Problem description:
The reply to the records below should contain exactly the lines from the line with "Network header compression arrangement" through the line with "e Inghilterra Monarchie", and nothing besides.

*** Block opens ***

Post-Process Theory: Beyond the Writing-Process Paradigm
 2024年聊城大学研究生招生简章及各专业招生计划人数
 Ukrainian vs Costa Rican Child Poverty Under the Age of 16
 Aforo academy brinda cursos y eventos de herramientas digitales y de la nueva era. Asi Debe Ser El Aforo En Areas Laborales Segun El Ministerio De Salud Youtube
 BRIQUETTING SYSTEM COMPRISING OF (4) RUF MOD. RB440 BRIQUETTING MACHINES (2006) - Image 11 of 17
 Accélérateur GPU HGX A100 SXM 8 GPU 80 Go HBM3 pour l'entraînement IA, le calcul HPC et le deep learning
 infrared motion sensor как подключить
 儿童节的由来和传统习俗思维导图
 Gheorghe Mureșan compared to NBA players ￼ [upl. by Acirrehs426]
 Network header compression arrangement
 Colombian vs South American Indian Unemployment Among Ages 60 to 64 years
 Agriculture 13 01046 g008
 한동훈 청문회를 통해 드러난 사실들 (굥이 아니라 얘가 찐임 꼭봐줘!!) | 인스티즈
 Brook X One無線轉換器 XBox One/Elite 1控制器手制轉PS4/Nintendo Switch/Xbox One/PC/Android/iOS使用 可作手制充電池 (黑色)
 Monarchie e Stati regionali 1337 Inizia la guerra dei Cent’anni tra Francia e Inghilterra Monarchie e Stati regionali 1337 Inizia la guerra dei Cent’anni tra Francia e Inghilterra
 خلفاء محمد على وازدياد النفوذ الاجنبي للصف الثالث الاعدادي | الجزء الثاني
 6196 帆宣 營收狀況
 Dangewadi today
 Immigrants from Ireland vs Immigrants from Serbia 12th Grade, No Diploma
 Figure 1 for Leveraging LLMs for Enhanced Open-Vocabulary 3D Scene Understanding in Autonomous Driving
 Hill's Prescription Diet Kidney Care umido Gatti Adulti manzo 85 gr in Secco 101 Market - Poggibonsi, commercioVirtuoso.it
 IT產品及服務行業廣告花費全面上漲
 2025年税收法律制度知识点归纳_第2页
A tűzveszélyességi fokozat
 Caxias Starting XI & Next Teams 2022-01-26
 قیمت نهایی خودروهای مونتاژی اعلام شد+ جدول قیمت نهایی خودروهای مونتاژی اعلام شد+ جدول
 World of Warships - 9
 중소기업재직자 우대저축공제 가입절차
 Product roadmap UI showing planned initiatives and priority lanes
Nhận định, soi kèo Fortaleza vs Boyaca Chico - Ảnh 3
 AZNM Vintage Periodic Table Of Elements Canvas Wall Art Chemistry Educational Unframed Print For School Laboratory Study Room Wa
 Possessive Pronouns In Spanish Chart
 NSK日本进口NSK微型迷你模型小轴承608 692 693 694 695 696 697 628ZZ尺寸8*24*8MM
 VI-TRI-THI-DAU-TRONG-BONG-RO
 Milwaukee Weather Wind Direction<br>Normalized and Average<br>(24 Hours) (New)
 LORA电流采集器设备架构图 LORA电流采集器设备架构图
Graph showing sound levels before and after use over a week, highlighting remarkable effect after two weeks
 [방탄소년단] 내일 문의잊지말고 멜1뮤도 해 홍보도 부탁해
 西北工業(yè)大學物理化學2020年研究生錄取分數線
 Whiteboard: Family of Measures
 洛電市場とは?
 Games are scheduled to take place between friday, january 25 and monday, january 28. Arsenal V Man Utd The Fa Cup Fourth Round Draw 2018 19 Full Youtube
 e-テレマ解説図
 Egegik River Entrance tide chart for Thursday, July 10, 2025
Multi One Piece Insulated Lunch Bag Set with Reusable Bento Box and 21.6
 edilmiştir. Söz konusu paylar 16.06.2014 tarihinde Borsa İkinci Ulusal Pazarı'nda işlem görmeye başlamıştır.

*** Block closes ***

Reply to the exercise:
 Network header compression arrangement
 Colombian vs South American Indian Unemployment Among Ages 60 to 64 years
 Agriculture 13 01046 g008
 한동훈 청문회를 통해 드러난 사실들 (굥이 아니라 얘가 찐임 꼭봐줘!!) | 인스티즈
 Brook X One無線轉換器 XBox One/Elite 1控制器手制轉PS4/Nintendo Switch/Xbox One/PC/Android/iOS使用 可作手制充電池 (黑色)
 Monarchie e Stati regionali 1337 Inizia la guerra dei Cent’anni tra Francia e Inghilterra Monarchie e Stati regionali 1337 Inizia la guerra dei Cent’anni tra Francia e Inghilterra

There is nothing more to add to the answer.